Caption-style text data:
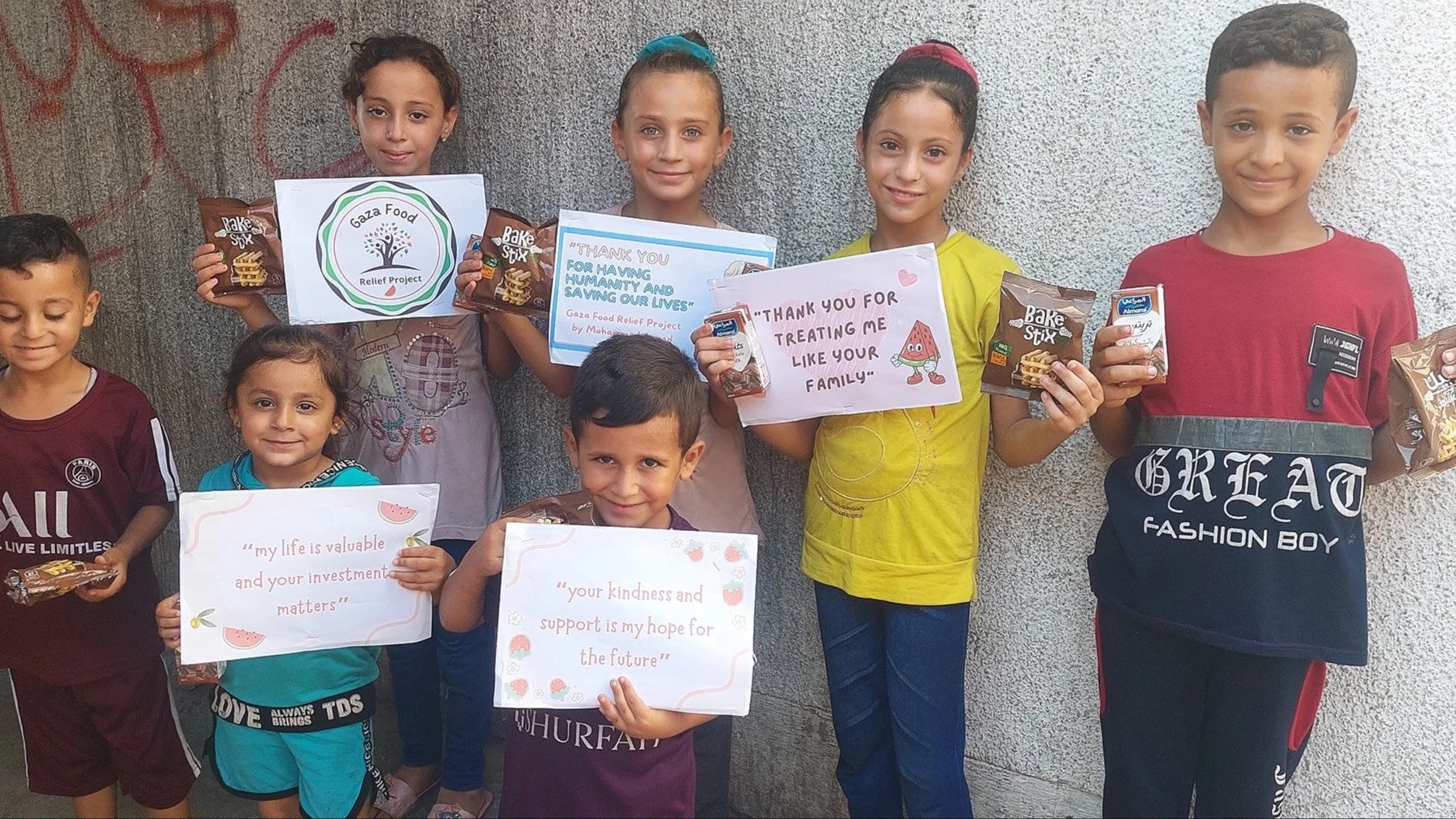 Children holding signs for the Gaza Food Relief Project, expressing gratitude with messages like 'Thank you for treating me like your family' and 'Your kindness and support is my hope for the future.' They are holding snacks and drinks.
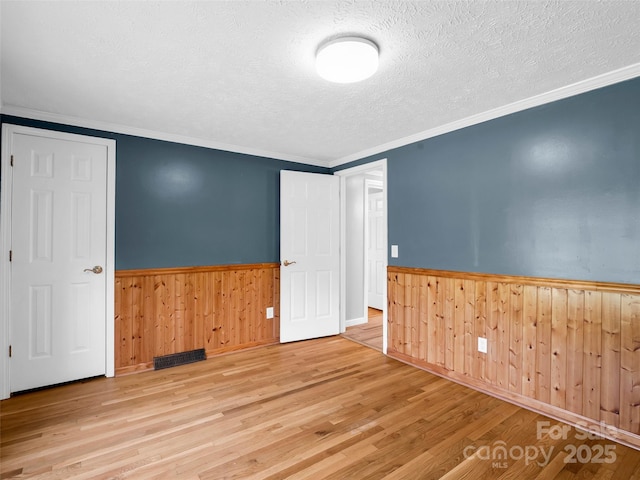 2941 Nix Creek Rd, Marion, NC 28752 - unfurnished room with wainscoting, wood finished floors, a textured ceiling, wood walls, and ornamental molding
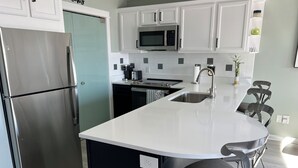 A modern kitchen with a stainless steel refrigerator, a microwave, a dishwasher, and a sink. There is a white countertop and a black island with a chair. - Wonderful 3 Bedroom Condo in Beautiful Spring Lake, On the River (Spring Lake)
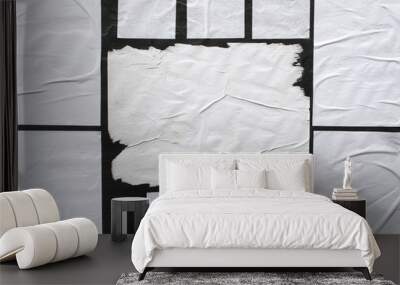 Several sheets of white paper pasted on a black wall. Wall mural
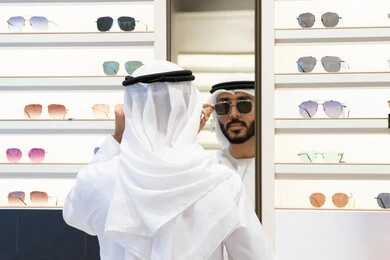 عروض وتخفيضات وخصومات، ايماءات الثقة بالنفس ، التسوق وشراء النظارات الشمسيه من المولات ، رجل عربي خليجي اماراتي يرتدي الكندره يقوم بالنظر الي المرآه لقياس النظارة المناسبة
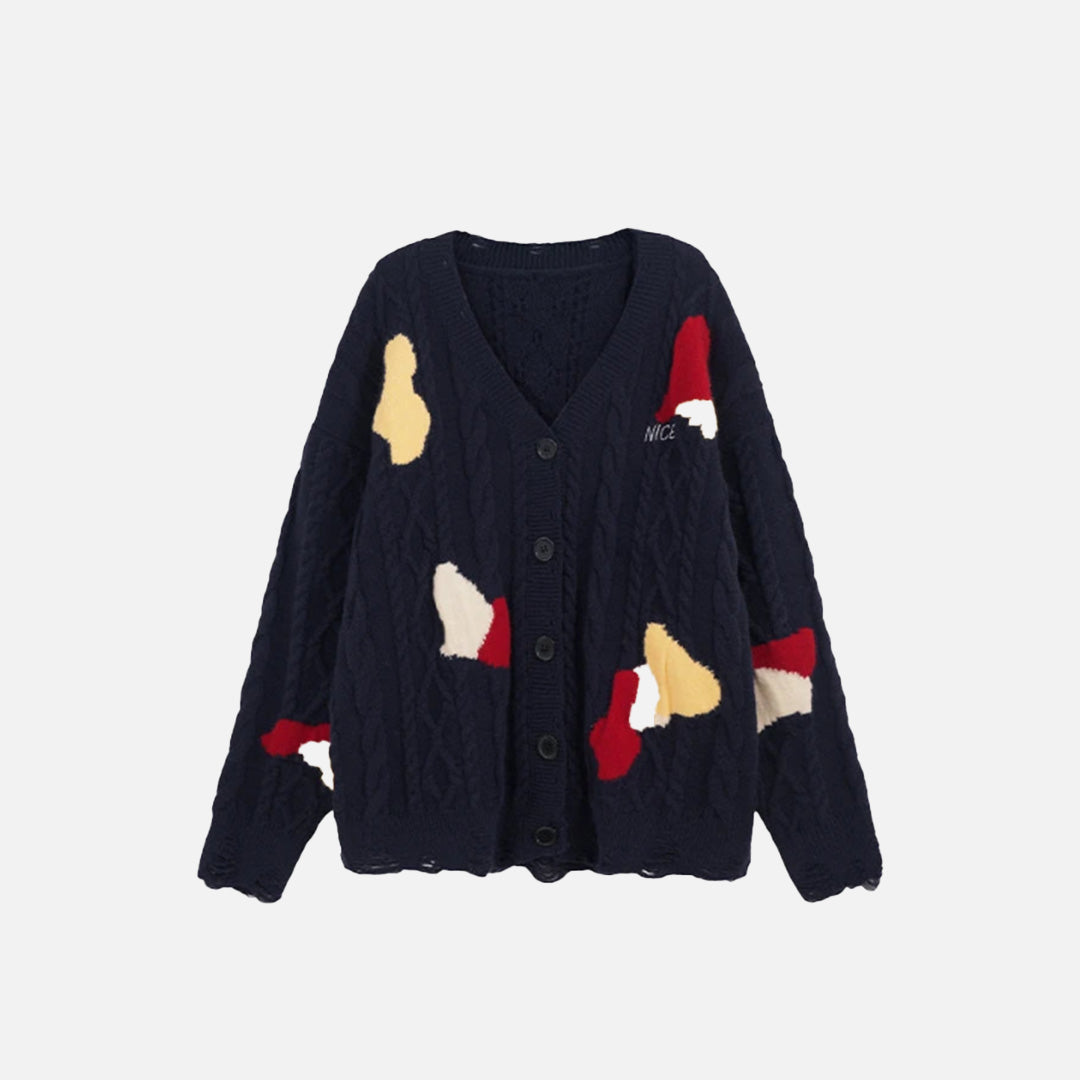 Front view of the navy blue Abstract Patch Cable Knit Sweater in a gray background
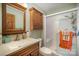 Well-maintained bathroom featuring wood cabinetry, essential fixtures, and a modern glass-enclosed shower at 753 Briarfield Rd, Rock Hill, SC 29730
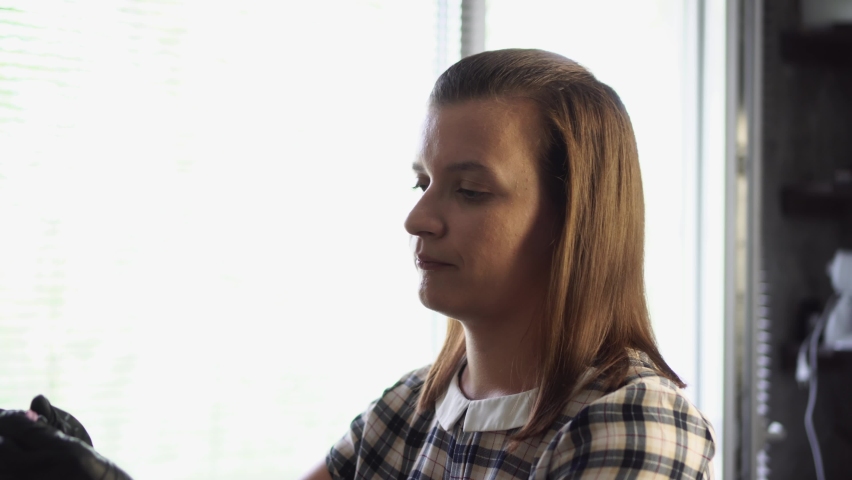 Artisan soften polymer clay in workshop. Woman craftsman at work. Handmade and hobby concept.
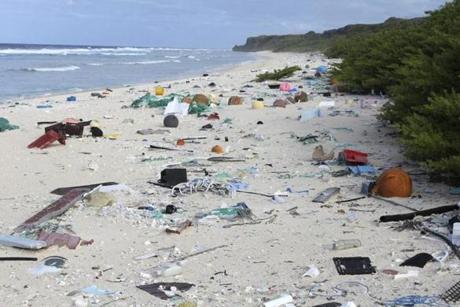 Plastic debris is strewn on the beach on Henderson Island in 2015. 
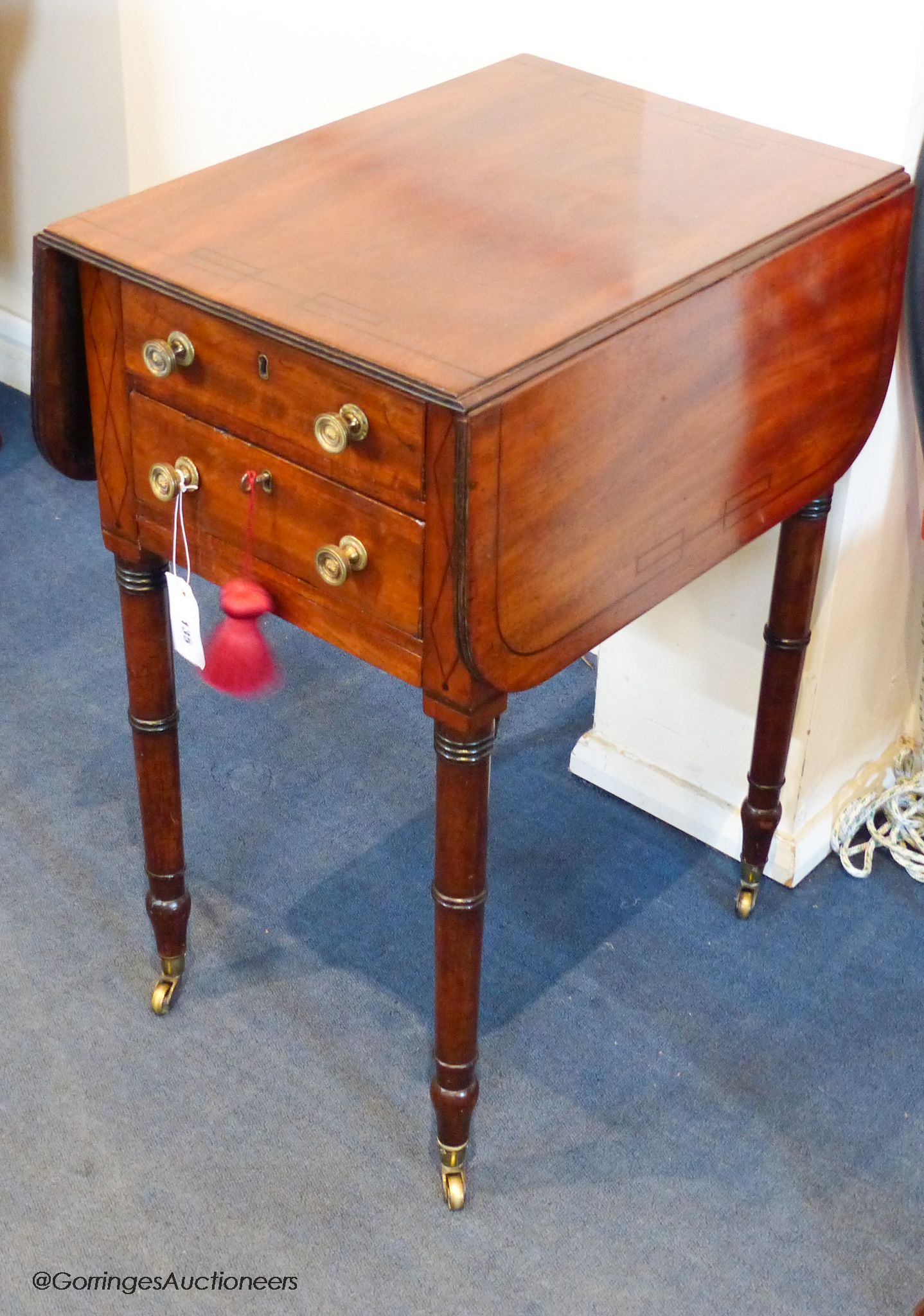 A George IV ebony strung mahogany Pembroke work table, 81 cm wide when open, 70.5 cm high, 52.5 cm deep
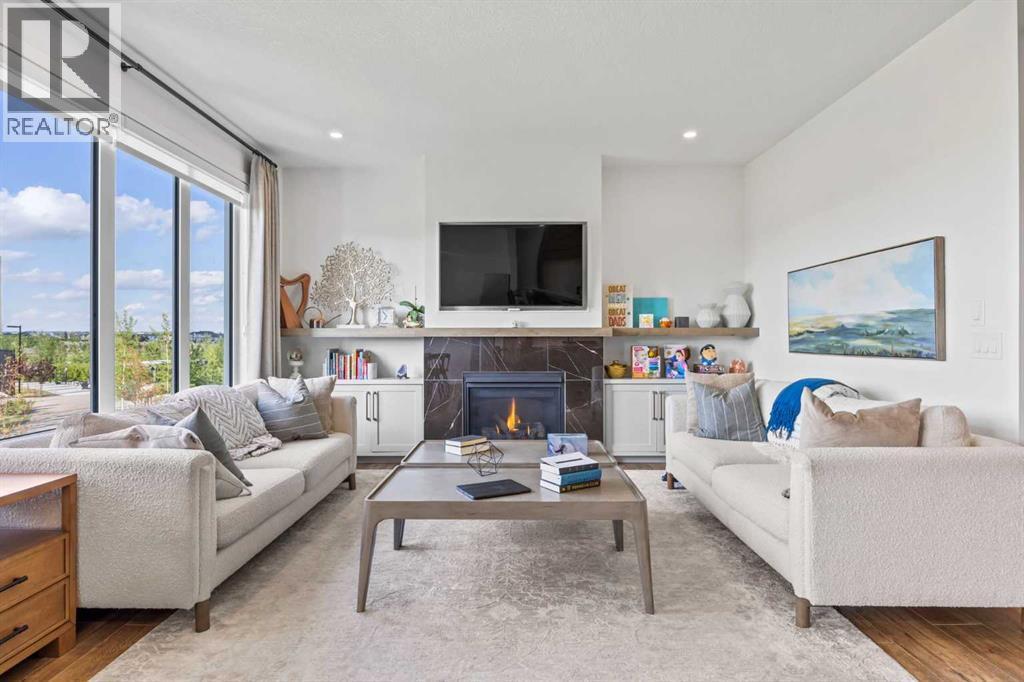 656 Bayview Way Sw, Airdrie, AB - Indoor Photo Showing Living Room With Fireplace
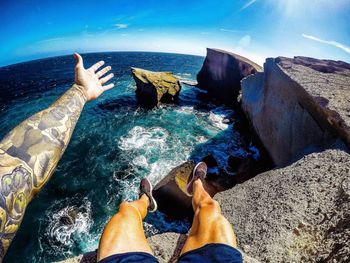 Low section of man in sea against blue sky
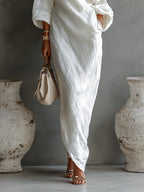 Woman wearing a white one-shoulder draped maxi dress, close-up of the skirt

_TRY IT_
Drop the pictures; return the lines above from the line containing "A modern kitchen" to the line containing "Front view of", both included, exactly.

_RESPONSE AREA_
 A modern kitchen with a stainless steel refrigerator, a microwave, a dishwasher, and a sink. There is a white countertop and a black island with a chair. - Wonderful 3 Bedroom Condo in Beautiful Spring Lake, On the River (Spring Lake)
 Several sheets of white paper pasted on a black wall. Wall mural
 عروض وتخفيضات وخصومات، ايماءات الثقة بالنفس ، التسوق وشراء النظارات الشمسيه من المولات ، رجل عربي خليجي اماراتي يرتدي الكندره يقوم بالنظر الي المرآه لقياس النظارة المناسبة
 Front view of the navy blue Abstract Patch Cable Knit Sweater in a gray background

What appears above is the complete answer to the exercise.